La entidad peruana encargada del seguimiento y monitoreo del fenómeno climático de El Niño ha emitido una actualización en sus proyecciones, elevando la intensidad prevista para el próximo evento de "moderada" a "fuerte". Según los informes técnicos, este fenómeno se desarrollaría en un periodo comprendido entre junio de 2026 y marzo de 2027, con una particular intensificación proyectada entre los meses de junio y septiembre.
De acuerdo con los pronósticos detallados por la Comisión Multisectorial del Estudio Nacional de El Niño (Enfen), existe una probabilidad considerable de que el evento alcance su máxima magnitud durante el bimestre de noviembre y diciembre de 2026. La entidad prevé que las condiciones climáticas alteradas se prolonguen hasta el primer trimestre del año 2027, extendiendo el periodo de vulnerabilidad para las regiones afectadas.

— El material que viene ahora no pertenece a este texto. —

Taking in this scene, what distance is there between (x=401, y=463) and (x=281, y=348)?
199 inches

El Niño es definido técnicamente como un fenómeno natural caracterizado por el incremento de las temperaturas superficiales en las aguas del Pacífico ecuatorial, específicamente en las zonas central y oriental. Este calentamiento anómalo del océano provoca cambios significativos en los patrones globales de los vientos y en la distribución de las lluvias, lo que deriva en condiciones meteorológicas erráticas que afectan diversas regiones del planeta.
En el caso particular de Perú, el impacto de este fenómeno ya comienza a manifestarse. Se ha registrado que las temperaturas superficiales del mar han alcanzado los 26 grados centígrados, una cifra que se sitúa cinco grados por encima del promedio habitual para la temporada otoñal. Esta situación ha sido analizada por la comunidad científica local para evaluar los riesgos inmediatos y futuros.
Grinia Ávalos, coordinadora del Enfen, explicó en declaraciones a la agencia AFP que el fenómeno ha provocado un calentamiento considerable del mar y temperaturas que superan los niveles habituales en la zona costera. Ávalos enfatizó que Perú es uno de los países que más sufre las consecuencias de este evento climático, debido a que la combinación de altas temperaturas y lluvias intensas puede ocasionar daños severos tanto en la infraestructura pública como en la actividad económica y el bienestar de las poblaciones asentadas en la costa.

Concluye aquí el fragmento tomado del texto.